## The input:
..........

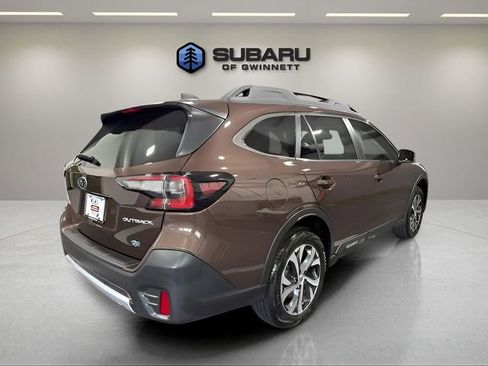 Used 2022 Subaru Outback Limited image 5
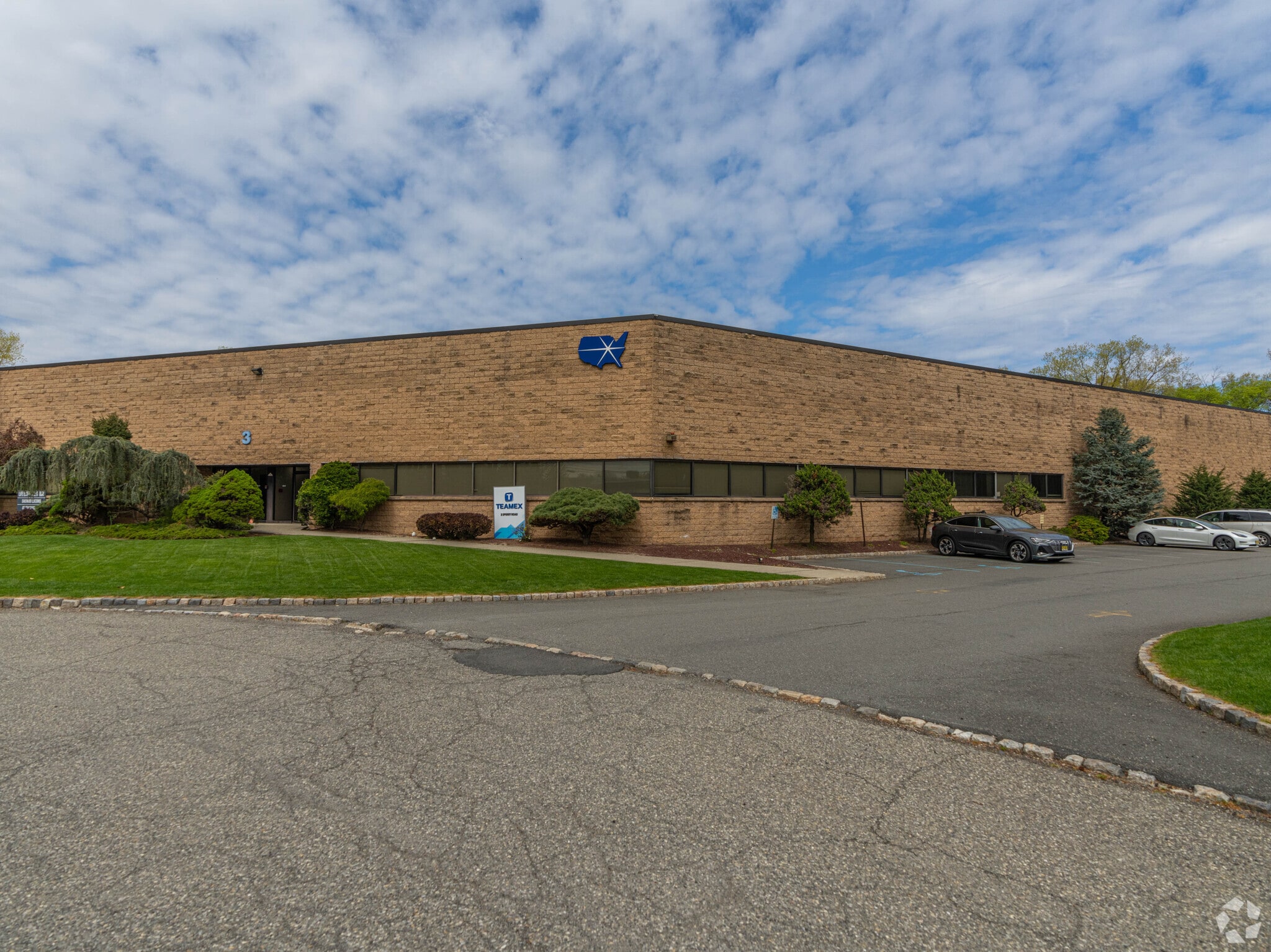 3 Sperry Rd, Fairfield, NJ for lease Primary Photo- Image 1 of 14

..........

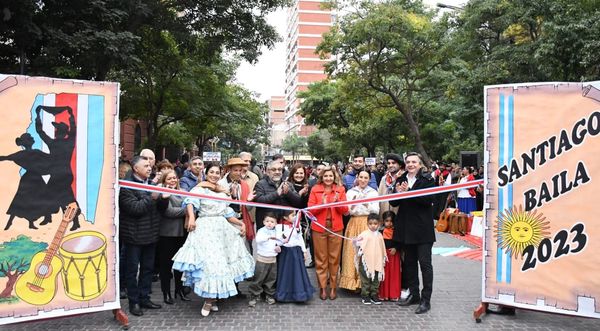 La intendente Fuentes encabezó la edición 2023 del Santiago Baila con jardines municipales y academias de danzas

..........

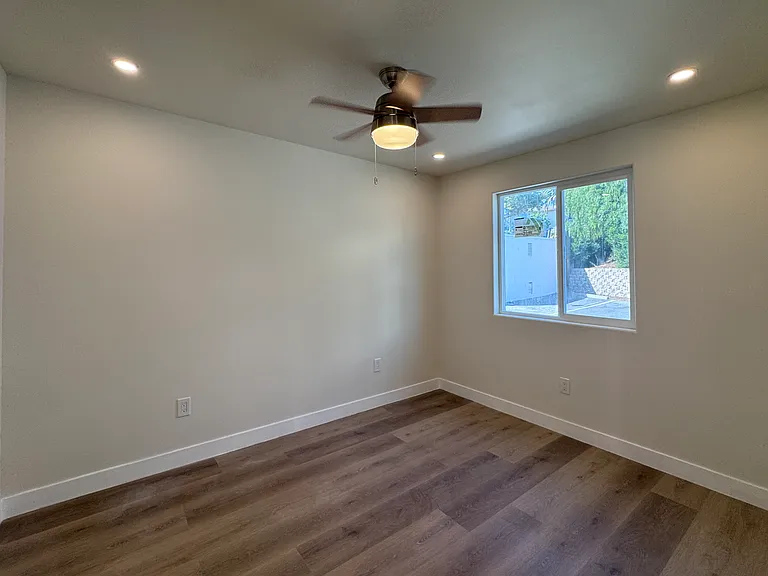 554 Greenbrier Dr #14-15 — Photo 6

..........

## Work required:
Give back exactly the lines above from the one with "Used 2022 Subaru Outback Limited image 5" through the one with "3 Sperry Rd, Fairfield, NJ", both included. Pictures don't belong in the copy.

## Response to the exercise:
 Used 2022 Subaru Outback Limited image 5
 3 Sperry Rd, Fairfield, NJ for lease Primary Photo- Image 1 of 14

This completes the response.